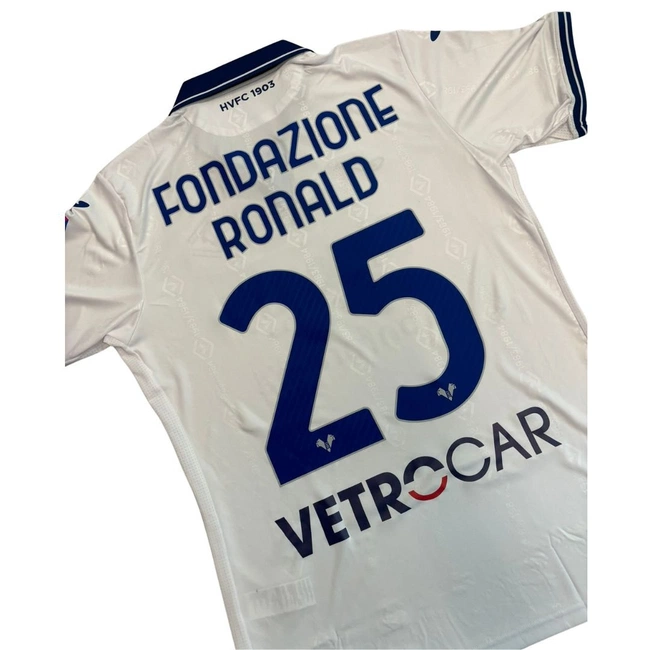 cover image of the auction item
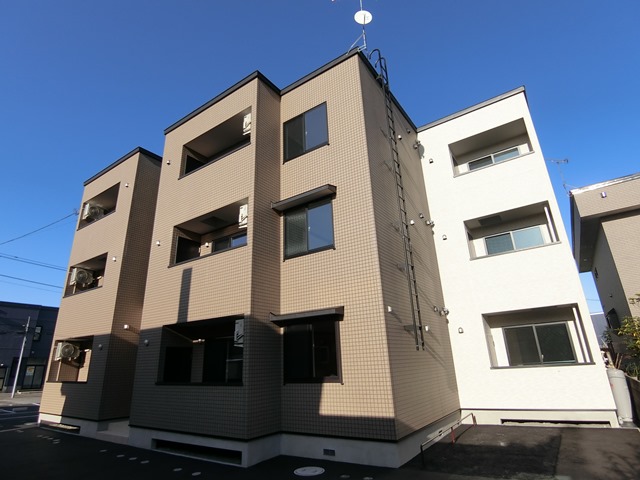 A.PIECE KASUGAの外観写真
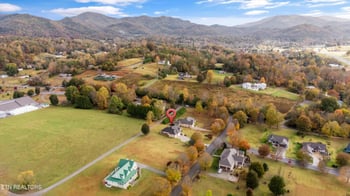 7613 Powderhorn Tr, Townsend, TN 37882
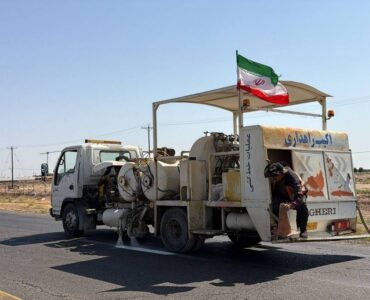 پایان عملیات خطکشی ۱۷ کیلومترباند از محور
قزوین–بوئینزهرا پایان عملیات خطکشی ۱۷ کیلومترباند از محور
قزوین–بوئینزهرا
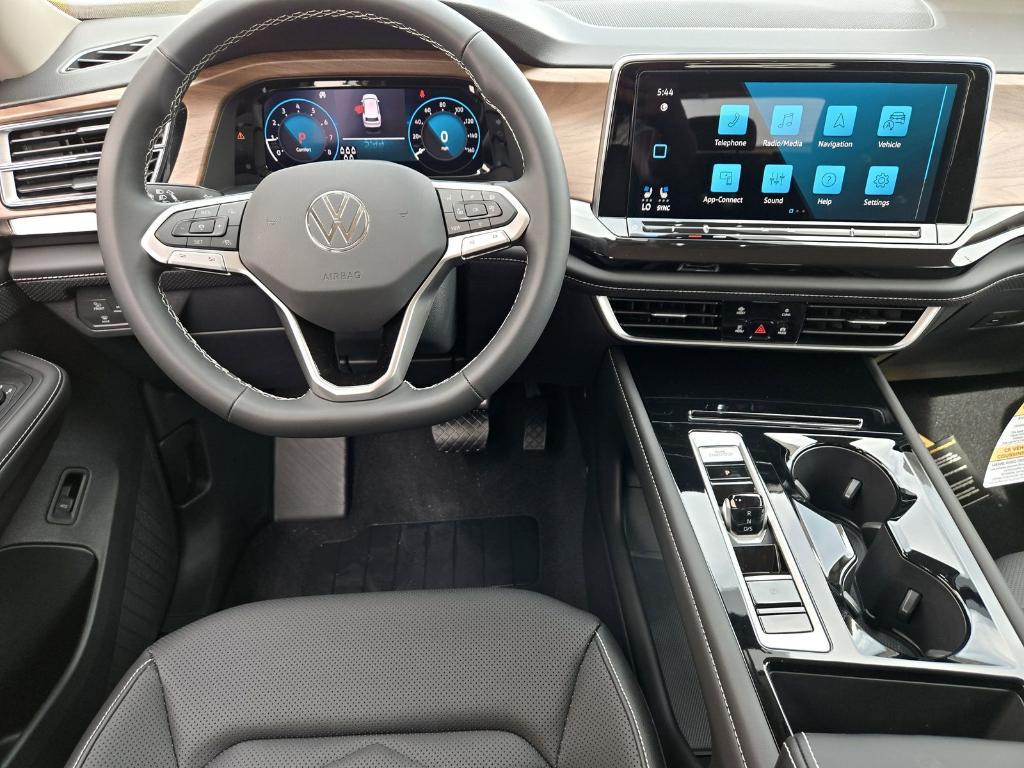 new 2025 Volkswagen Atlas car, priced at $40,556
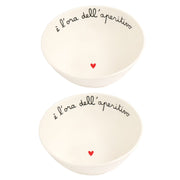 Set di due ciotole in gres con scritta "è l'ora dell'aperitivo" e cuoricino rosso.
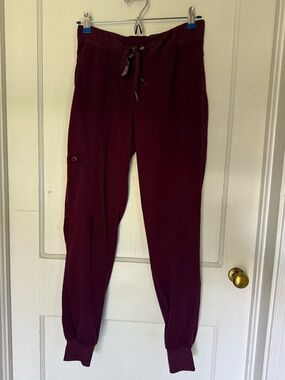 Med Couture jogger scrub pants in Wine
==============================
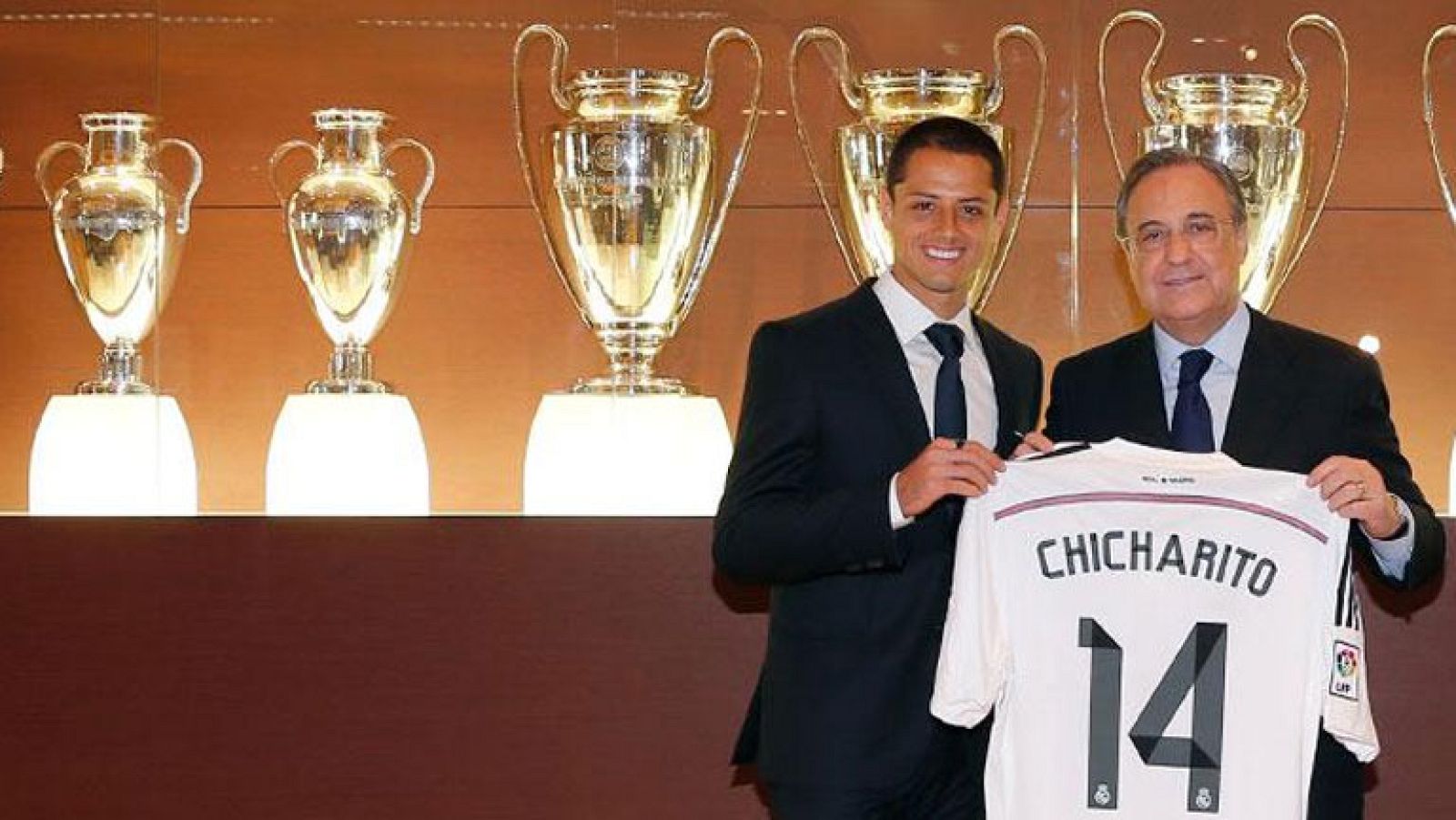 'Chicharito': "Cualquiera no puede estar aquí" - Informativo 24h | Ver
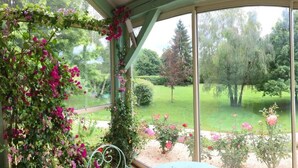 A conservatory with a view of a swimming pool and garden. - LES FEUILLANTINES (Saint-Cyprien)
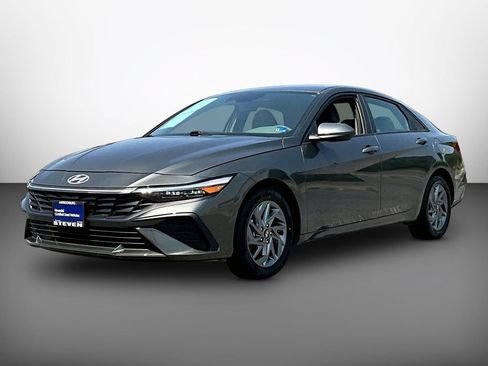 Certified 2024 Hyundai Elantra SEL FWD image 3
==============================
§ TASK ITEM:
Everything between and including the line above containing "new 2025 Volkswagen" and the line containing "Med Couture jogger scrub pants in Wine" should be reproduced exactly, with pictures excluded.

§ COMPLETED TASK:
 new 2025 Volkswagen Atlas car, priced at $40,556
 Set di due ciotole in gres con scritta "è l'ora dell'aperitivo" e cuoricino rosso.
 Med Couture jogger scrub pants in Wine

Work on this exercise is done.